• **TASK PROMPT**:
With images removed, return the whole listing exactly as written.

• **COLLECTED DATA**:
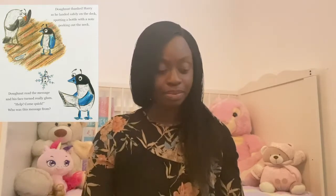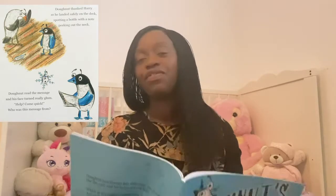Donut thanked Harry as he landed safely on the deck, spotting a bottle with a note peeking out of the neck. Donut read the message and his face turned really glum. Help, come quick — who was this message from? William assured his friend that they will try their best to find out who sent the note — this will be our quest. As they spoke the engine roared. The boat was setting sail. There would be no turning back — they knew they could not fail. They hid inside a huge icebox and braved the wild waves. The boat was steered to keep them safe inside some icy caves.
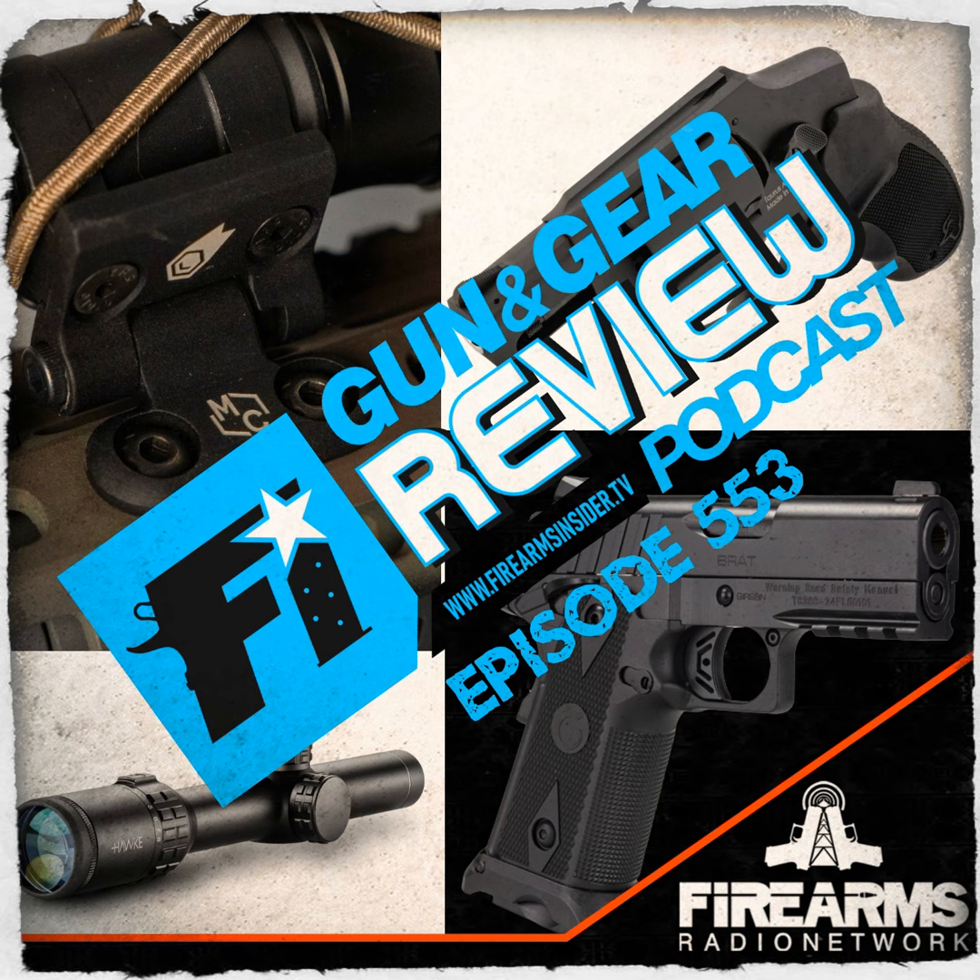Welcome to the Firearms Insider Gun and Gear Review Podcast, Episode 553. This episode is brought to you by VZ Grips, Walker Defense, Primary Arms, and XS Sights. In this show, we'll be discussing a snubby, Hawk's 1-8, Girsan's Brat, and some pivot light mounts.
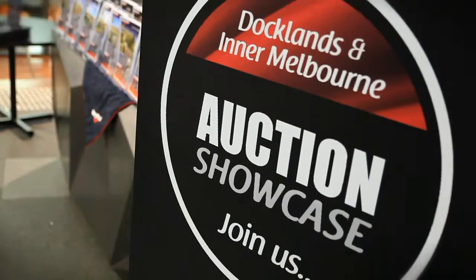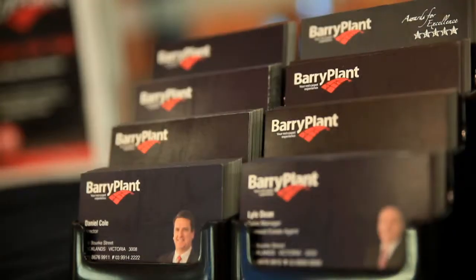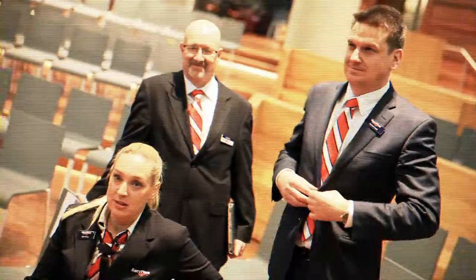Our Barry Plant live in-room auction showcase provides excellent opportunities for both buyers and sellers alike. Come rain, hail or shine, there's always genuine bidders ready to provide exceptional results for our vendors.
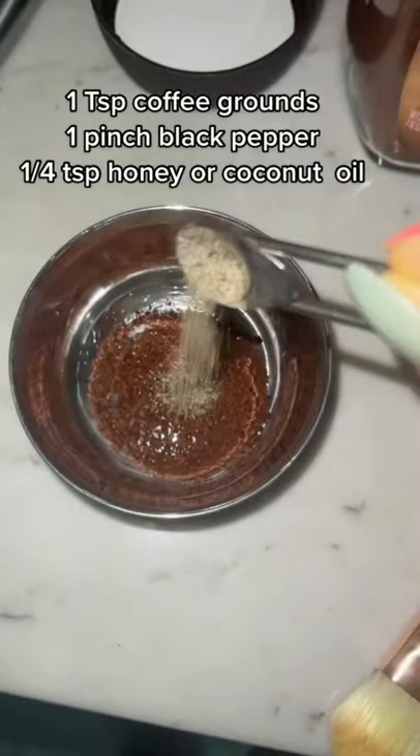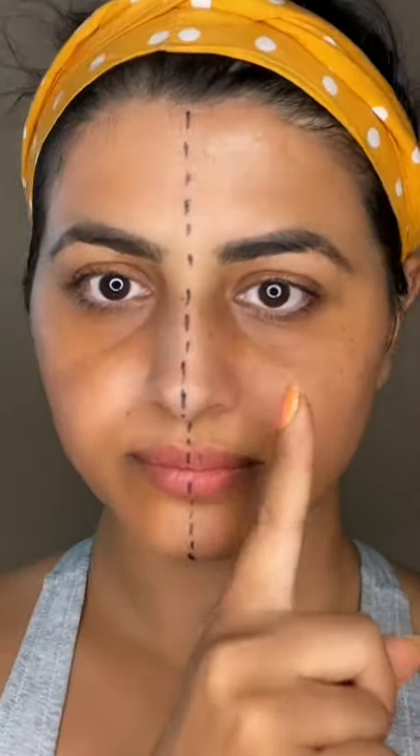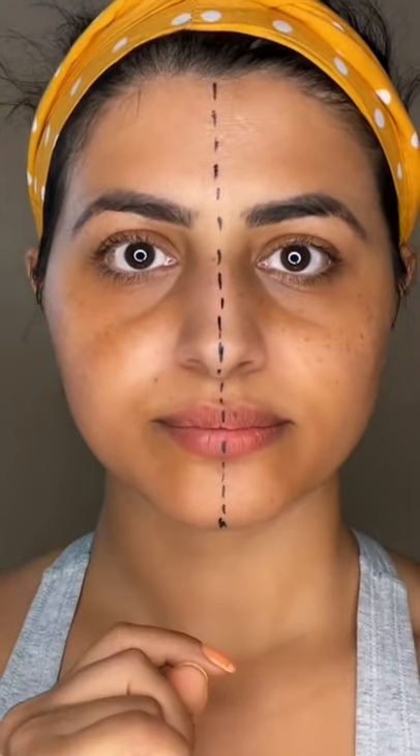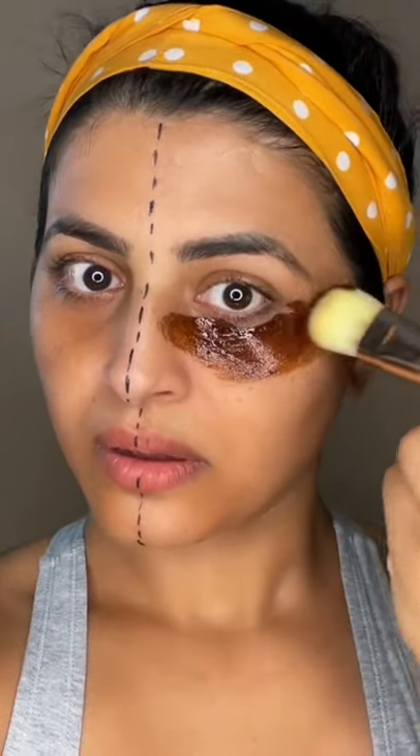Coffee has caffeine, and that's why it narrows vessels and reduces puffiness and dark circles. The eye mask is ready! Here's my skin before I apply anything. Focus on the right side of my face and my dark circles — you'll see the difference after. Apply the mask gently under your eyes.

• **RESPONSE TO THIS EXERCISE**:
Donut thanked Harry as he landed safely on the deck, spotting a bottle with a note peeking out of the neck. Donut read the message and his face turned really glum. Help, come quick — who was this message from? William assured his friend that they will try their best to find out who sent the note — this will be our quest. As they spoke the engine roared. The boat was setting sail. There would be no turning back — they knew they could not fail. They hid inside a huge icebox and braved the wild waves. The boat was steered to keep them safe inside some icy caves.
Welcome to the Firearms Insider Gun and Gear Review Podcast, Episode 553. This episode is brought to you by VZ Grips, Walker Defense, Primary Arms, and XS Sights. In this show, we'll be discussing a snubby, Hawk's 1-8, Girsan's Brat, and some pivot light mounts.
Our Barry Plant live in-room auction showcase provides excellent opportunities for both buyers and sellers alike. Come rain, hail or shine, there's always genuine bidders ready to provide exceptional results for our vendors.
Coffee has caffeine, and that's why it narrows vessels and reduces puffiness and dark circles. The eye mask is ready! Here's my skin before I apply anything. Focus on the right side of my face and my dark circles — you'll see the difference after. Apply the mask gently under your eyes.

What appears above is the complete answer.